SIAM News Blog
Research

The Statistical Formalism of Uncertainty Quantification

Since the launch of the SIAM Activity Group on Uncertainty Quantification in 2010, the applied mathematics community has seen an explosion of interest in the topic. Uncertainty quantification (UQ) considers the uncertainties in both the mathematical modeling of processes and the associated data; it is now recognized as an essential component of math modeling.

In 2019, we reviewed the statistical formalism of UQ [2] that was originally introduced in 2001 [9], including the strengths and weaknesses of the formalism and UQ in general. The implementation of this formalism would provide a “gold standard” for UQ—although some might object to the Bayesian formulation—because it would force us to consider all conceivable uncertainties in a given process. 

A simpler, more easily deployable Monte Carlo approach to UQ is the ensemble approach. This concept is best illustrated by numerical weather prediction (NWP). For more than 30 years, forecasters have used NWP to sample uncertainties in important variables and compute a number of potential weather trajectories (each of which is a member of the ensemble), revising the ensemble every six hours. 

In a sense, statistical formalism and ensemble techniques are actually manifestations of the same idea; given an enormous number of ensemble members and a perfect model, one could reach accountable probabilistic conclusions that are conditioned on current knowledge. In reality, however, operational ensembles tend to have fewer than 100 members, while modern models are imperfect and may contain millions of state variables. Although researchers cannot expect perfect probabilistic conclusions, the ensemble approach provides demonstrably useful information about future real-world weather — even more than 10 days in advance. No approach to UQ can precisely account for structural model error or perform reliably in truly novel conditions, but the coherent deployment of UQ still provides undeniably valuable outcomes. Here, we illustrate the strengths and weaknesses of the statistical formalism and of the ensemble approach to delineate both their successes and remaining challenges. Details about additional approaches to UQ are available in the literature [11].

Some of the most fundamental questions in UQ are (i) How can we provide sufficiently reliable uncertainties? and (ii) How can we assess their reliability a priori? While it is admirable to attempt to account for all possible uncertainties, extrapolating UQ applications to situations that are far from the original scenario is a significant challenge. The ensemble method provides useful uncertainty guidance for weather forecasting, but application to other unobserved situations and untested models—as in climate prediction [10, 12]—makes interpretation similarly tough. Addressing these difficulties is a key research goal in UQ.

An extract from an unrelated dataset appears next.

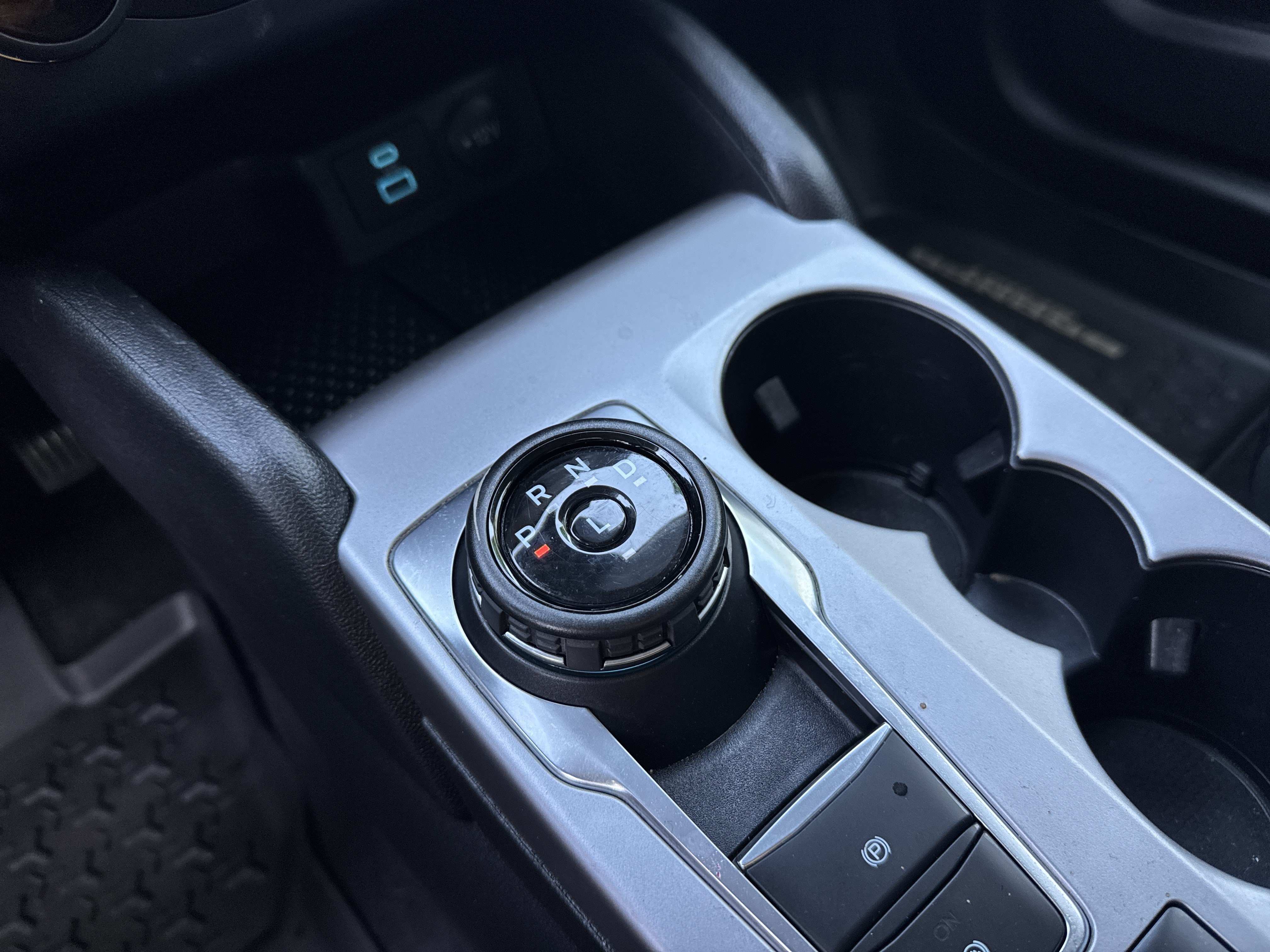 Used 2024 Ford Bronco Sport Big Bend AWD/4WD image 29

<strong>Figure 1.</strong> Time series of the forces that impact a vehicle’s suspension system as it passes over two potholes. Vertical lines indicate the reference peak locations at which the curves were registered. <strong>1a.</strong> Seven field runs for the pothole 1 region. <strong>1b.</strong> Seven field runs for the pothole 2 region. <strong>1c.</strong> 65 runs of the computer model at pothole 1. <strong>1d.</strong> 65 runs of the computer models at pothole 2. Figure courtesy of [2].
Figure 1. Time series of the forces that impact a vehicle’s suspension system as it passes over two potholes. Vertical lines indicate the reference peak locations at which the curves were registered. 1a. Seven field runs for the pothole 1 region. 1b. Seven field runs for the pothole 2 region. 1c. 65 runs of the computer model at pothole 1. 1d. 65 runs of the computer models at pothole 2. Figure courtesy of [2].

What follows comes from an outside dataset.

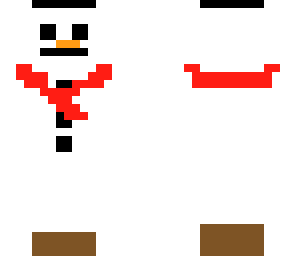 snowman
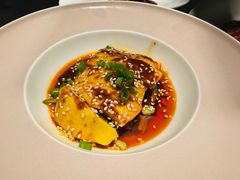 -领事馆19号中餐厅(厦门海景洲际酒店)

Computer Model for a Vehicle Suspension System

Figure 1 depicts a time series of the forces that impact a vehicle’s suspension system as it passes over two potholes in a road. Figures 1a and 1b show seven observed force curves as the vehicle was repeatedly run over the potholes.

A finite element partial differential equation computer model mimics this process, with the goal of replacing pricey field runs in the design of suspension systems with less expensive computer modeling [1]. Figures 1c and 1d illustrate 65 runs of the computer model for 65 differing values of the vector input \(\mathbf{v}=(u_1,u_2,x_1,...,x_7)\). The coordinates of this vector reflect features of the suspension system—such as energy damping (\(u_1\) and \(u_2\)) and suspension stiffness (\(x_i\))—at various locations in the suspension. The computer model was run at various input values because the relevant values for the real vehicle were not precisely known.

UQ seeks to assess the extent to which computer model predictions reflect the real process. One can perform a Bayesian analysis to estimate the discrepancy between the model and reality. Figure 2 shows that the discrepancy for the pothole study is significantly nonzero, especially near time 9. Engineers and designers can use this knowledge to improve the model.

<strong>Figure 2.</strong> Posterior discrepancy curve estimate (dashed line) and 90 percent confidence bands (solid lines) for the first pothole region. Figure courtesy of [2].
Figure 2. Posterior discrepancy curve estimate (dashed line) and 90 percent confidence bands (solid lines) for the first pothole region. Figure courtesy of [2].

Another goal of UQ is to solve an inverse problem to successfully estimate the actual inputs \(\mathbf{v}\). The solid lines in Figure 3 provide the initial prior distribution for the inputs, while the histograms give the final posterior distributions. Furthermore, UQ also aims to use all available information (field runs, computer model runs, and prior distributions) to predict the outcome of a new situation. When a different vehicle (with a different suspension) was repeatedly run over pothole 1, it produced the red curves in Figure 4; this information was initially withheld from the UQ analysts. Instead, they had to predict these curves based on field data for the original vehicle and the 65 computer model runs. By utilizing the full joint distribution of all unknowns, Bayesian analysis yielded the predictions in Figure 4.

The predictions clearly fall within the uncertainty bands for \(t<10\), and the engineers deemed this level of accuracy to be adequate for their purposes. The use of discrepancy in the predictions enabled this successful UQ analysis.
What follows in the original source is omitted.